Центральный совет выступает…
За признание всеми священниками и учителями дадаистских догматов…
За немедленное создание Государственного дома искусств и отмену понятия «собственность» в новом искусстве (экспрессионизм); понятие «собственность» полностью исключается из обихода в надындивидуальном дадаистском движении, призванном сделать всех людей свободными;
За введение симультанного стихотворения в качестве государственной коммунистической молитвы;
За создание в городах с населением более 50 000 человек дадаистского совета по реорганизации жизни;
За немедленное проведение крупномасштабной дадаистской пропаганды силами 150 цирков-шапито для просвещения пролетариата;
За введение контроля Центрального дадаистского совета мировой революции над соблюдением всех законов и предписаний; За немедленное урегулирование всех сексуальных отношений в духе интернационального дадаизма путём создания сексуального дадаистского центра48.

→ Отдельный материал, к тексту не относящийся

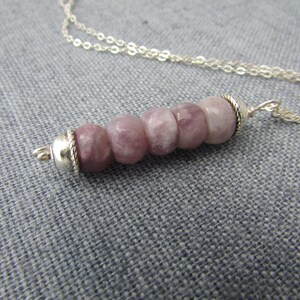 May include: A silver chain necklace with a pendant made of five round, light pink and white stones. The stones are set in silver.
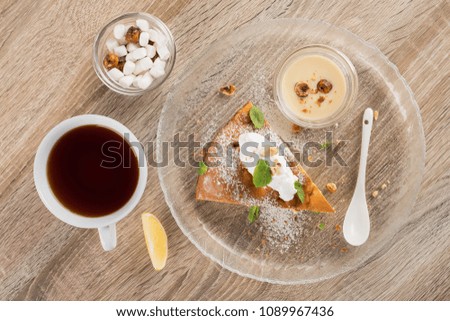 Tasty cake with mint leaves and ice cream balls, white tea cup on a wooden table. Sweet dessert background. Top view.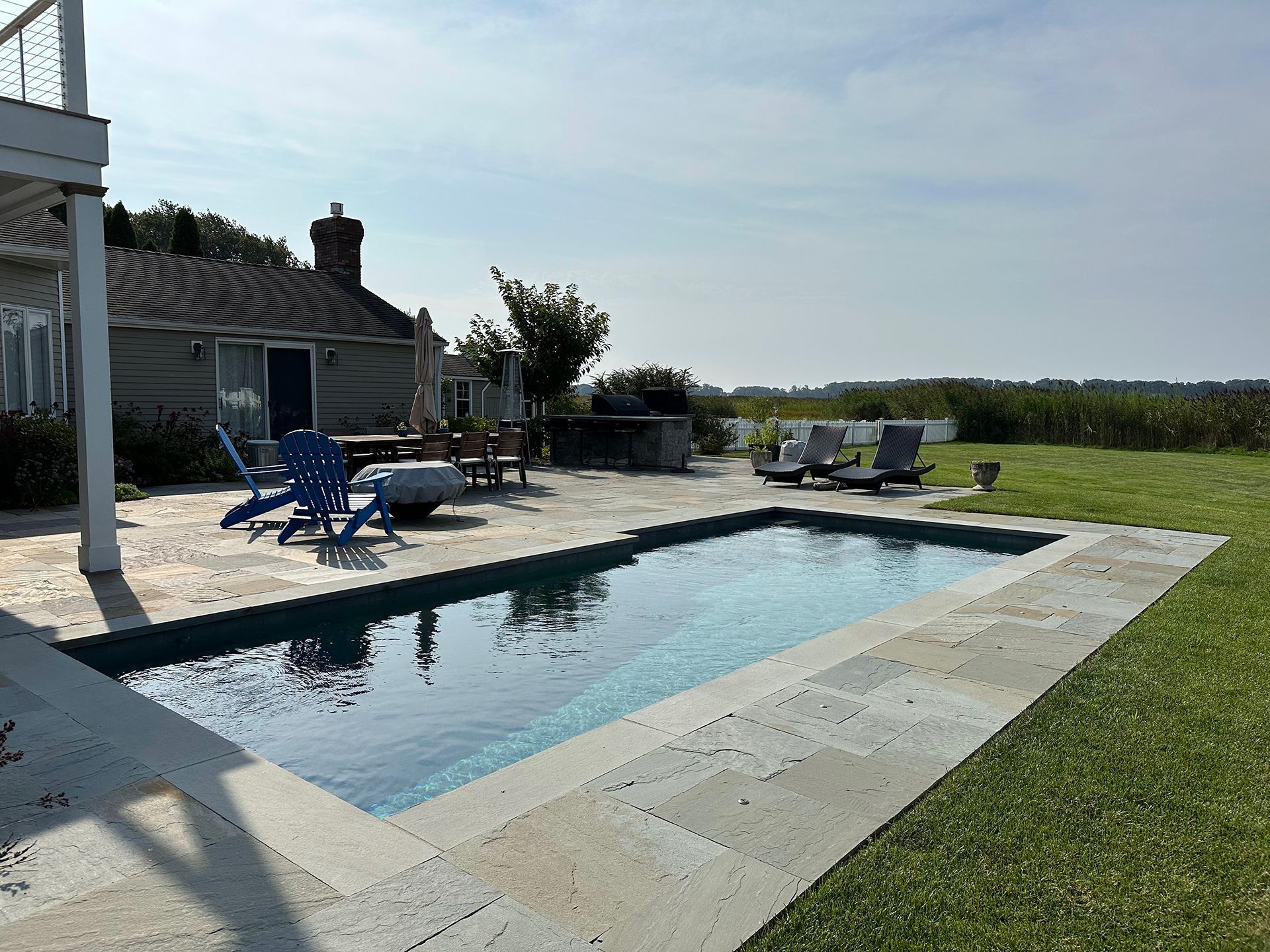 A large swimming pool is in the backyard of a house.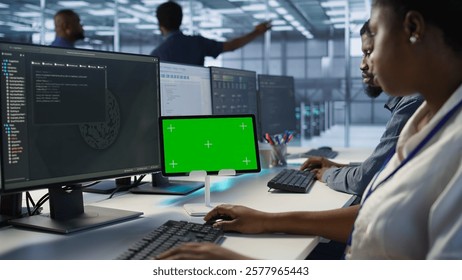 IT experts using green screen tablet, working together in server farm to optimize it for data processing requirements. Close up of coworkers coding on chroma key device in data center, camera A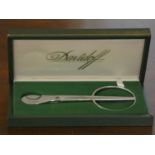 A cased Davidoff fine cigar cutter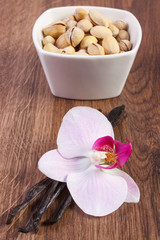 Pistachio nuts, blooming orchid and fragrant vanilla sticks, cosmetic ingredients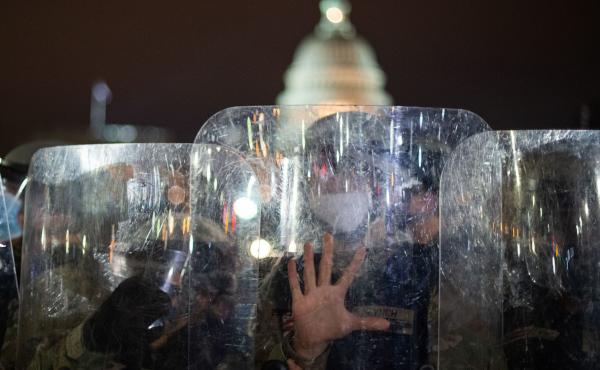 National Guard troops stand behind shields outside the Capitol building in Washington, D.C., on Wednesday evening. National Guard troops stand behind shields outside the Capitol building in Washington, D.C., on Wednesday evening.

Звучит очень знакомо, потому что спустя два десятилетия вся Германия будет жить по этим правилам. Хаусман всегда воспринимал это как шутку, утверждал он после нацизма; насчёт Хюльзенбека он никогда не был уверен. Значение этой программы, писал Хюльзенбек в 1920 году, в том, что дада «…не хочет быть ничем, кроме как выражением своего времени, оно вобрало в себя не только знания, стремительный темп и скептицизм, но и усталость, и отчаяние, порождённое сомнением в смысле и “истине”»49. Но это было отнюдь ещё не всё, признавался Хюльзенбек на старости лет своему другу Хансу И. Кляйншмидту: он хотел изменить общество. «В какой-то момент в Берлине я понял, что ради этого готов даже принять помощь дьявола»50, — вспоминал он, но дьявол был занят другим; всё, что Хюльзенбек оставил, это легенда, которую он пронёс через всю свою жизнь. «НЕТ! НЕТ! НЕТ!» — говорил он в один из более спокойных моментов своей жизни в Берлине. «Высочайшим искусством является то, которое по своей осознаваемой сути представляет тысячекратно увеличенные проблемы времени, то, которое со всей очевидностью было разнесено вдребезги взрывами прошлой недели и которое вновь и вновь пытается собрать себя по кускам из обломков после вчерашнего краха»51. Дада должен был стать таким искусством и таким взрывом, а затем ещё одним, вызванным искусством вчерашнего краха. И так дада до бесконечности.
Страница из “Dadaco”, Мюнхен, 1920
Но пока что это было трудно изложить убедительно.